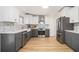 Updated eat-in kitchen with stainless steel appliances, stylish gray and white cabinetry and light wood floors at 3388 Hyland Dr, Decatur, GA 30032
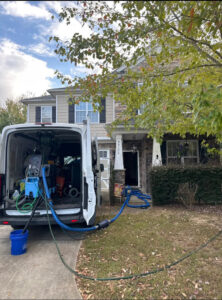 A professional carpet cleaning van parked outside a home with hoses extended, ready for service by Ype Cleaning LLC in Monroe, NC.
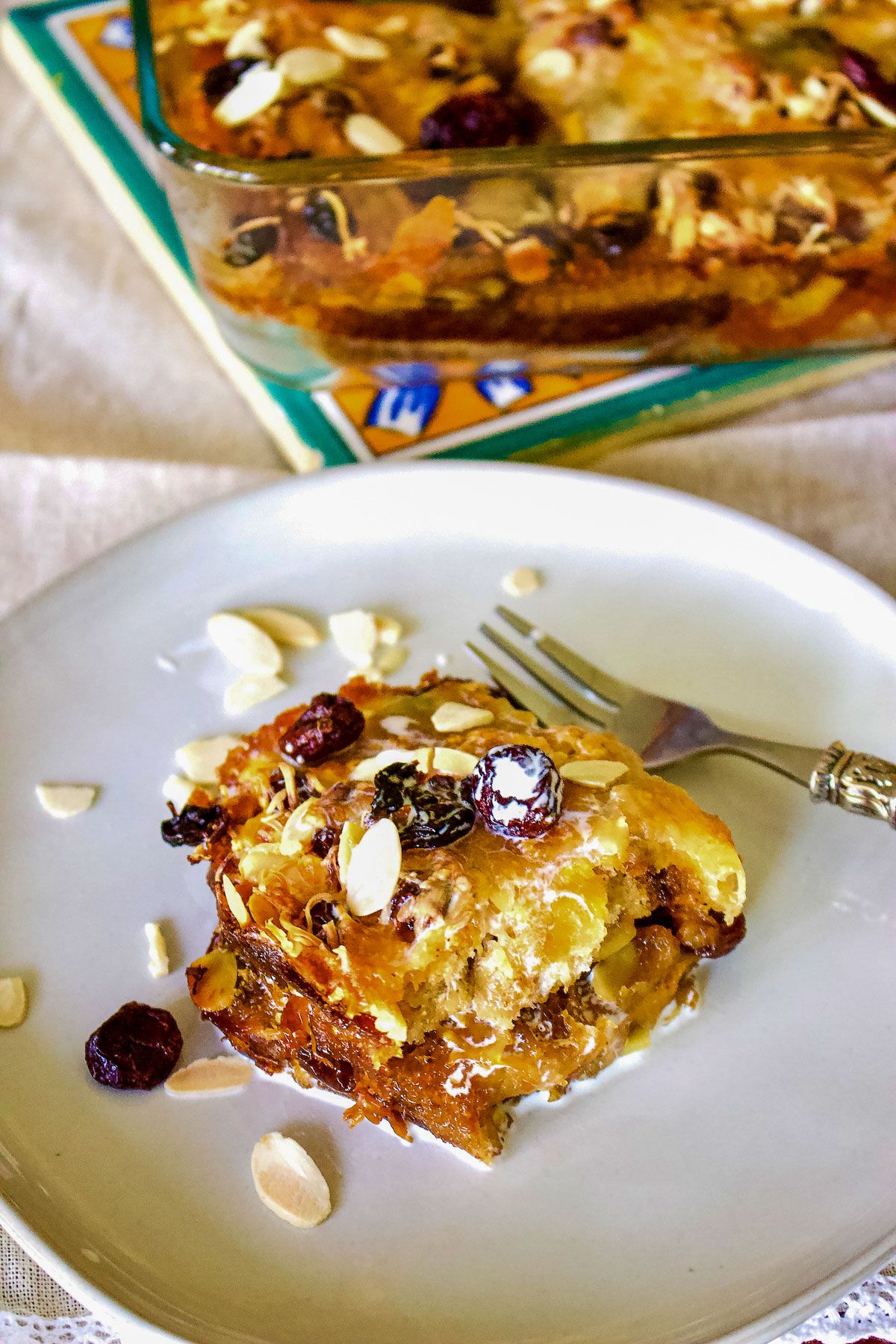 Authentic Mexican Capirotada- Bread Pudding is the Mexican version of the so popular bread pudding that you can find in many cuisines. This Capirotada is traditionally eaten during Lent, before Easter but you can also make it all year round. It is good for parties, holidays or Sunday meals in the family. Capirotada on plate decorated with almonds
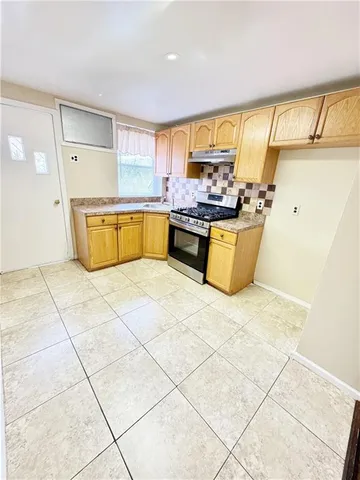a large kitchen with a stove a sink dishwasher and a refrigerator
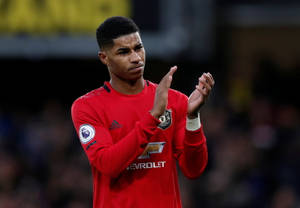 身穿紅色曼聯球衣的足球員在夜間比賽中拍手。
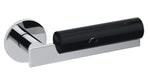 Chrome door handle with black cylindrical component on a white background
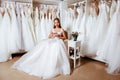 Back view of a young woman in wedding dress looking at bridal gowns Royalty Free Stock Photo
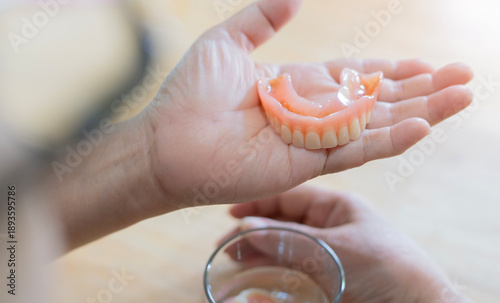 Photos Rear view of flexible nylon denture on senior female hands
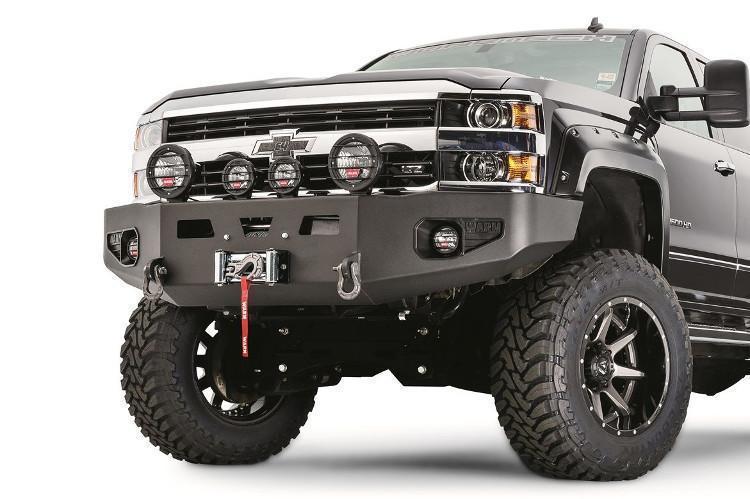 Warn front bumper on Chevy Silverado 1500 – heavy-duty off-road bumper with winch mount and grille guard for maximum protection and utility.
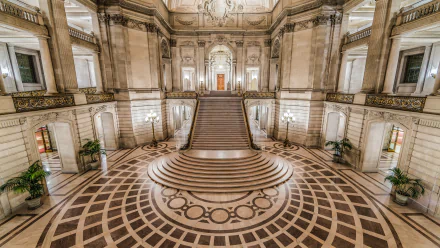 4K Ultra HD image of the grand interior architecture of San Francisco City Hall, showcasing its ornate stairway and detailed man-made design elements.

---

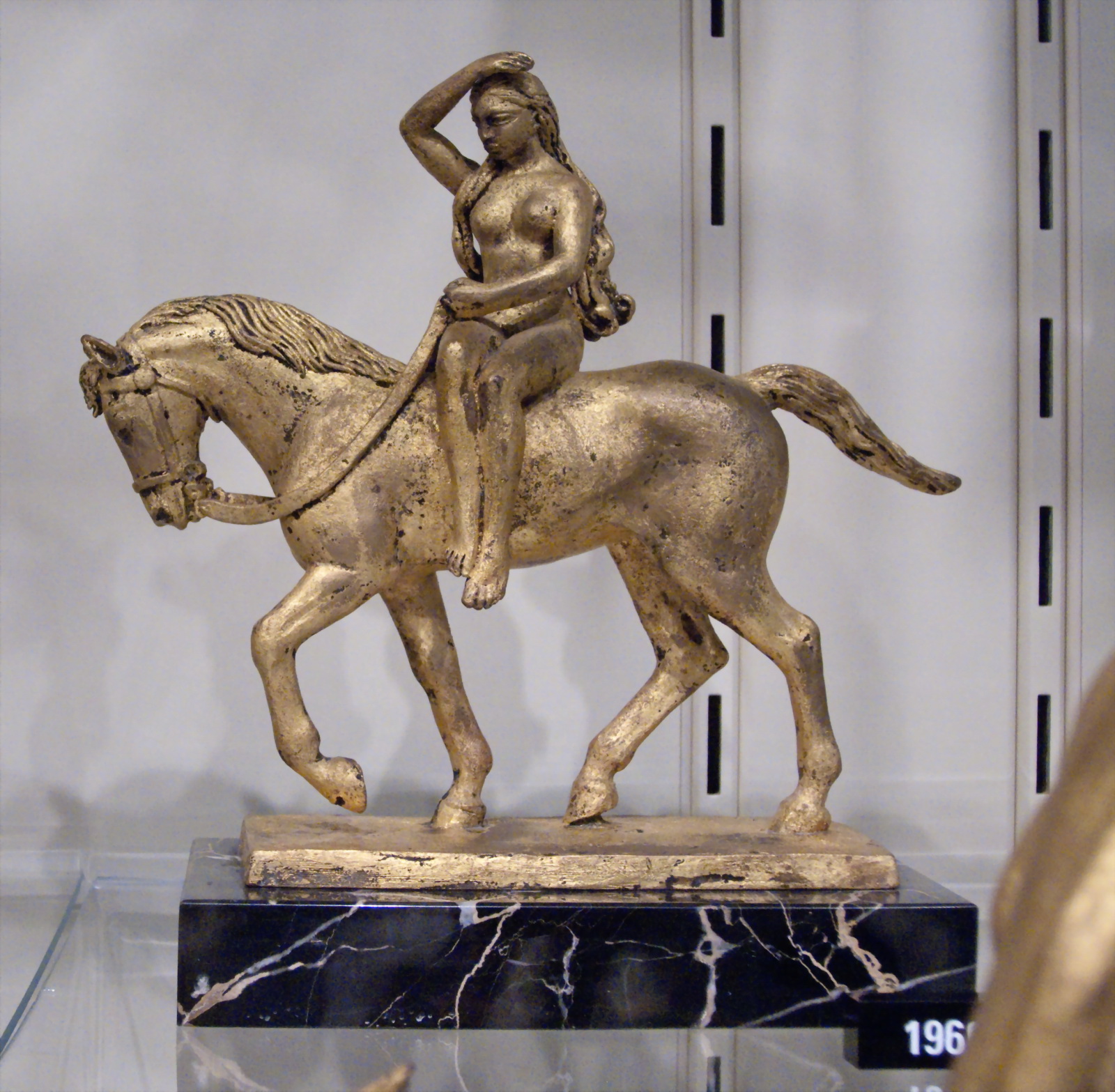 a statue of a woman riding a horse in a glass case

---

From the line with "Photos Rear view" up to and including the line with "Warn front bumper" above, retype every line exactly and nothing more; leave out the pictures.

 Photos Rear view of flexible nylon denture on senior female hands
 Warn front bumper on Chevy Silverado 1500 – heavy-duty off-road bumper with winch mount and grille guard for maximum protection and utility.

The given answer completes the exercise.